■ **What the exercise asks**: Please set down exactly the lines from the one that contains "Cairn, un mucchio" through the end of the material, leaving out every picture.

■ **Exercise data**:
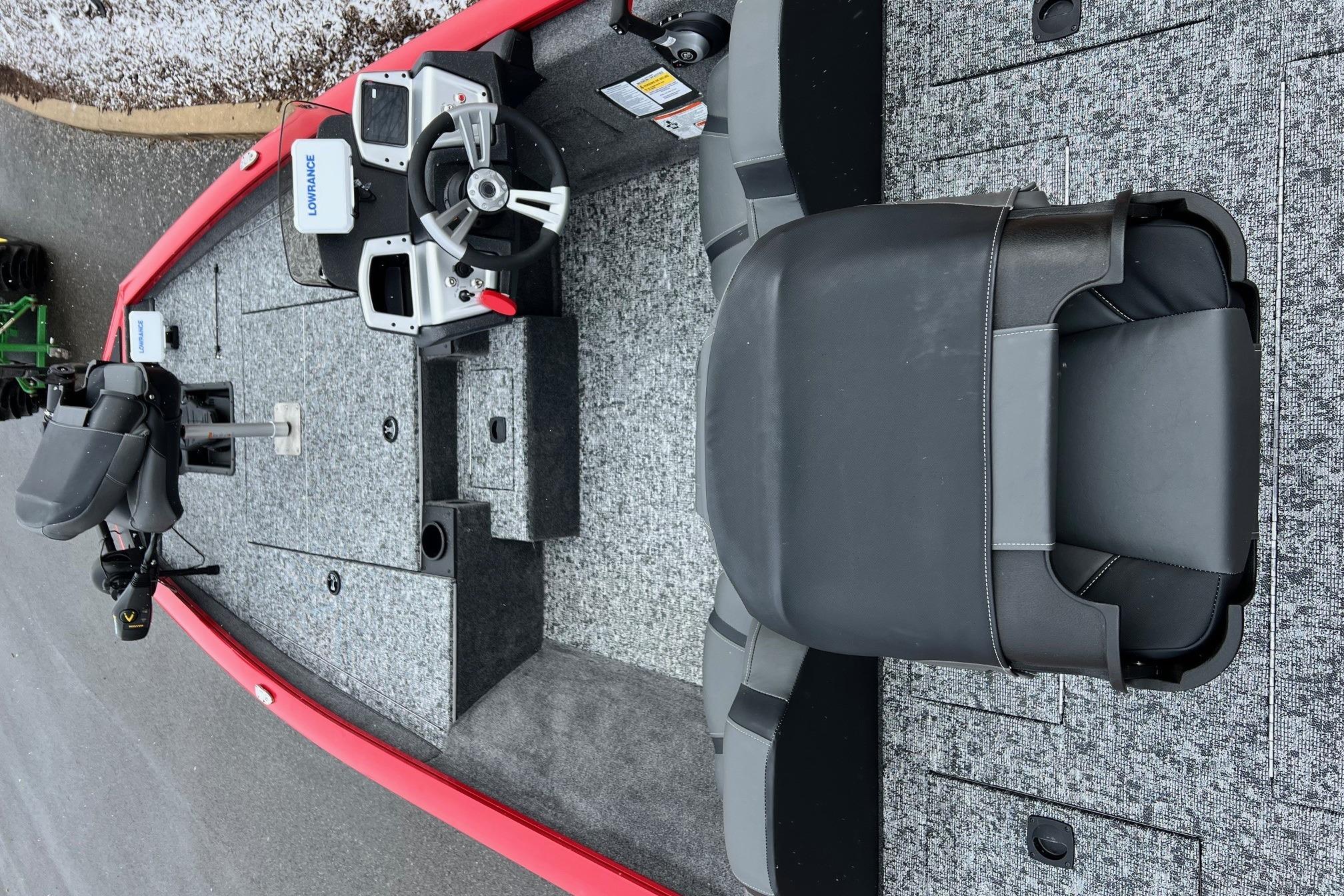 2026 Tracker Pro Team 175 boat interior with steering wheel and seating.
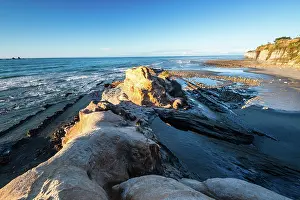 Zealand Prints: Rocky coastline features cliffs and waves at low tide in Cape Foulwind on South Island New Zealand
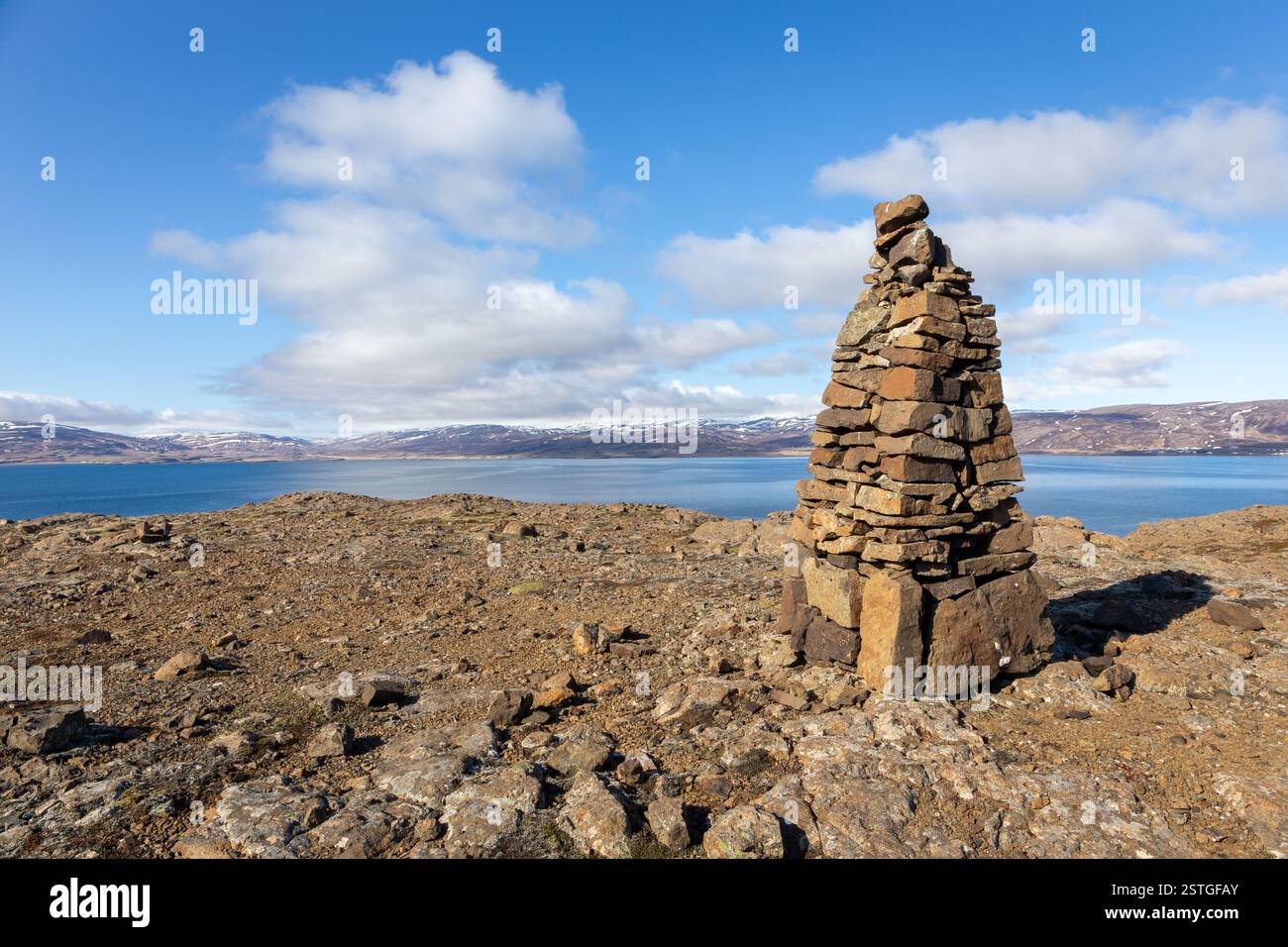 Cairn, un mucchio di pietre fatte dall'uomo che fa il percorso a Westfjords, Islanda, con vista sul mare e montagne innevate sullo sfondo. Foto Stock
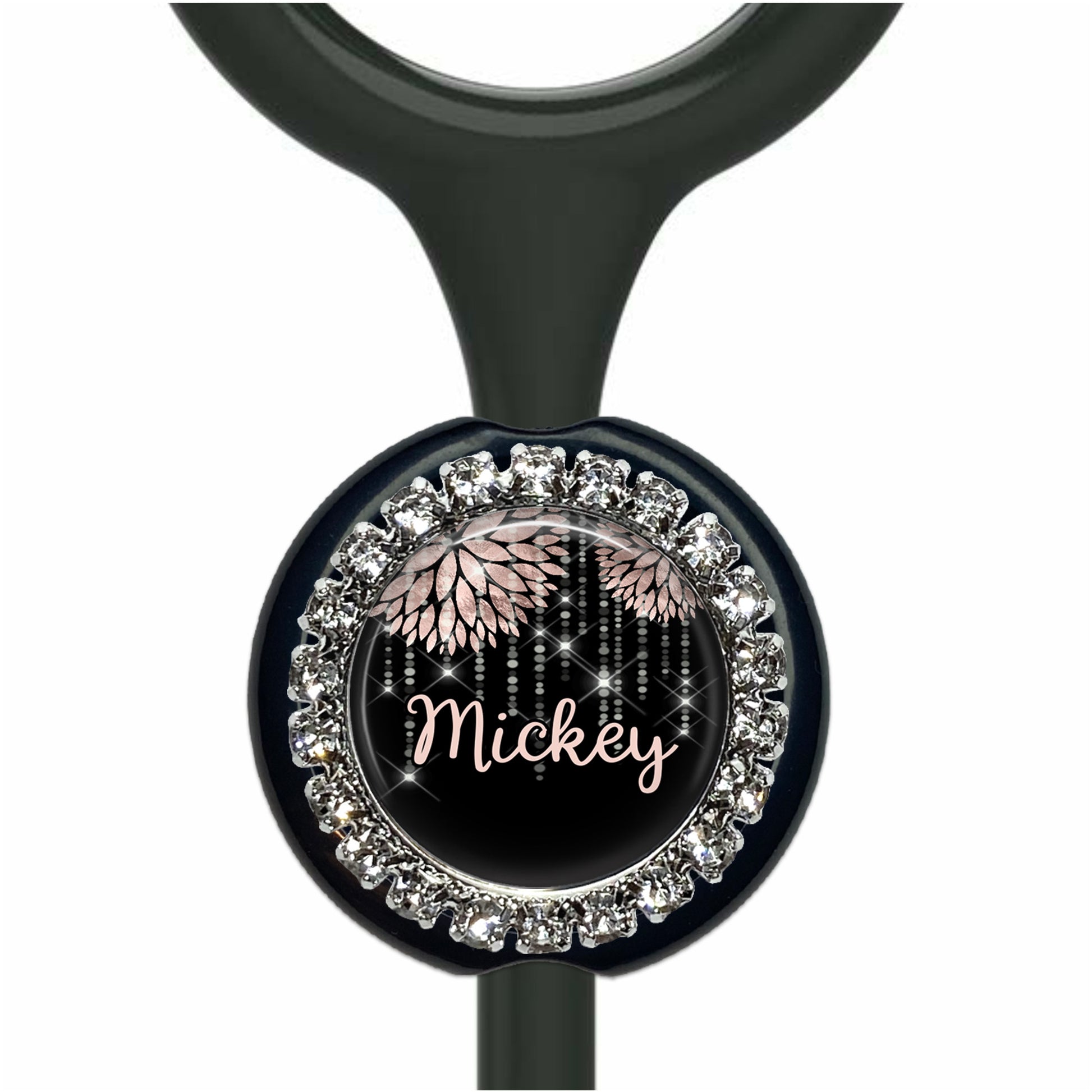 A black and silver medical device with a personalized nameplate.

■ **Solution to this task**:
 Cairn, un mucchio di pietre fatte dall'uomo che fa il percorso a Westfjords, Islanda, con vista sul mare e montagne innevate sullo sfondo. Foto Stock
 A black and silver medical device with a personalized nameplate.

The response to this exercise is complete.